The objectives of this lab are:

  1. Learn to use basic BLAST tools to identify similar polypeptides and DNA sequences.

  2. Align 2 sequences to one another and evaluate the statistical significance of such alignments

  3. Algin multiple sequences (polypeptides)

  4. Interpret multiple alignments in terms of protein functional regions.

You have completed the DNA sequence of a segment of genomic DNA from Drosophila melanogaster, a fruit fly.  This DNA sequence is presented to you in a standard DNA sequence format in a file titled lab6.tfa.  This genomic region encodes a polypeptide critical to basal transcription and therefore to cell function.  Please perform appropriate searches, programs, etc, as below.  Do each of these in the EASIEST way possible, no restrictions, unless otherwise stated.

1.  Determine the regions encoding the polypeptide product from this gene.  Prepare a 1-line description that defines the coding sequence (eg.
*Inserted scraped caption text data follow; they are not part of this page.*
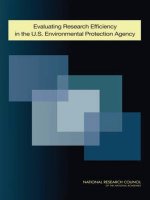 Evaluating Research Efficiency in the U.S. Environmental Protection Agency pot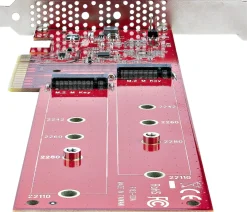 StarTech.com Dual M.2 PCIe SSD Adapter Card, x8 / x16 Dual NVMe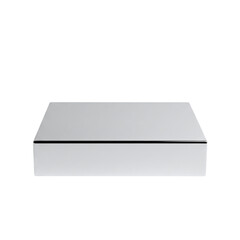 Chrome metal pedestal or box for display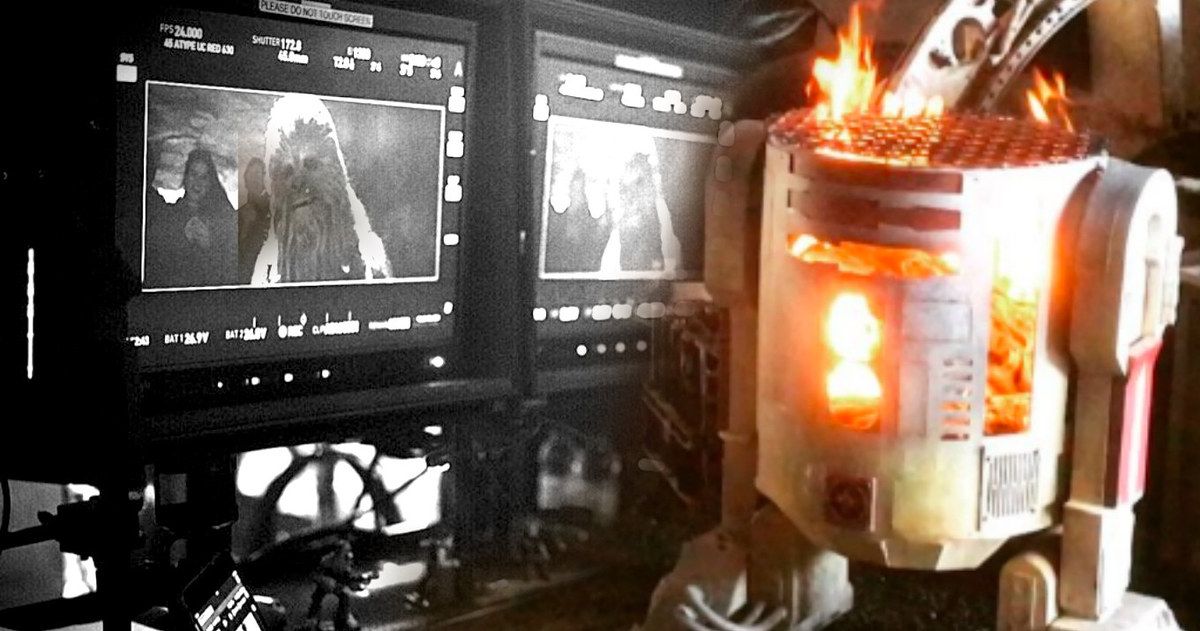 New Han Solo Set Photos Visit Chewbacca in a Star Wars Wasteland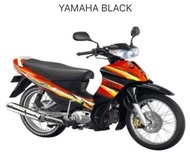 Body Halus Full Set Hitam Orange Jupiter Z Komeng 2004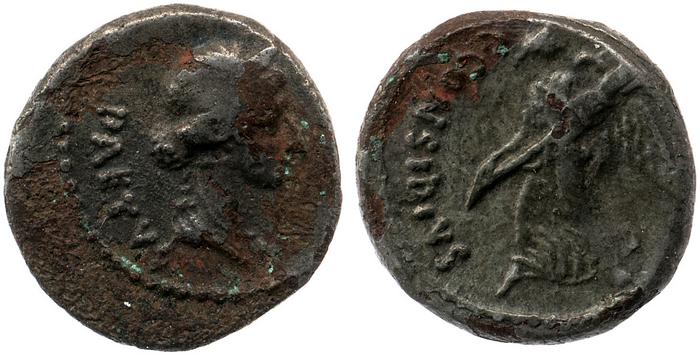 obverse of Roman Republic RRC 465/6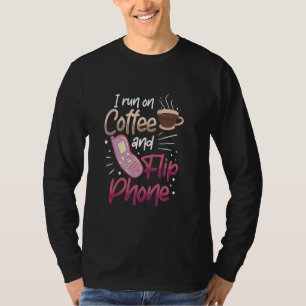 Coffee Addict Latte Lovers 90S Flip Phone Vintage T-Shirt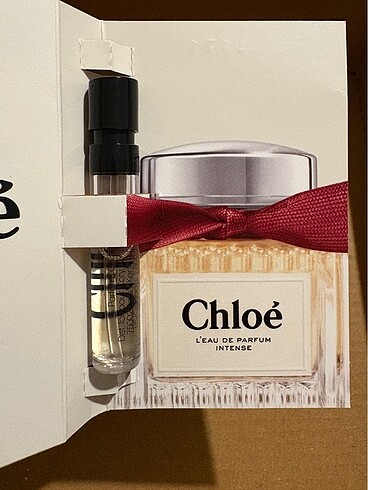 Orjinal Chloe edp INTENSE 1.2 ml kadın parfum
CDS 5-77, 137-737.)  This will be submitted.

2.  Perform a search, using an appropriate BLAST tool, to find 100 polypeptides similar in sequence to the product of this gene that are contained in the nr polypeptide database.  I recommend that you save the result of this search to disk as you will need it for several questions.  Submit the gi number of the highest-scoring polypeptide that IS NOT the given polypeptide.
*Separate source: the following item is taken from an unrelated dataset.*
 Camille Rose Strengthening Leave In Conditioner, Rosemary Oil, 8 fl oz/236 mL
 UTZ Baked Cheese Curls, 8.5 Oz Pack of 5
3.  One high-scoring polypeptide that you SHOULD find in this alignment is from Saccharomyces cerevisiaie.  For this polypeptide, perform the following using GCG programs:
    a.  Align the Drosophila and Saccharomyces polypeptides along their lengths.  EVALUATE the statistical significance of this alignment.  Submit a 1-line "decision" on whether this alignment is significant or not and the basis.
    b.  Align the DNAs of the ORFs encoding these polypeptides along their lengths.  EVALUATE the statistical significance of this alignment.  Submit a 1-line "decision" on whether this alignment is significant or not and the basis.
    c.  Find the single segment of highest similarity between these two ORFS AND EVALUATE the statistical significance of this alignment.  Compare the length of this segment to that of the alignment in 3b, above.  Submit a 1-line "decision" on whether this alignment is significant or not and the basis.   Include a very brief, numerical comment on the relative lengths of part 3b and 3 c.

4.  Use the multiple alignment package of your choice (specify which you used) to align the similar polypeptides that you should find from:

  • Drosophila melanogaster
  • Homo sapiens
  • Xenopus laevis
  • Arabadopsis thaliana
  • Saccharomyces cerevisiae

    a.    Save this alignment in some text format.  You will submit this alignment.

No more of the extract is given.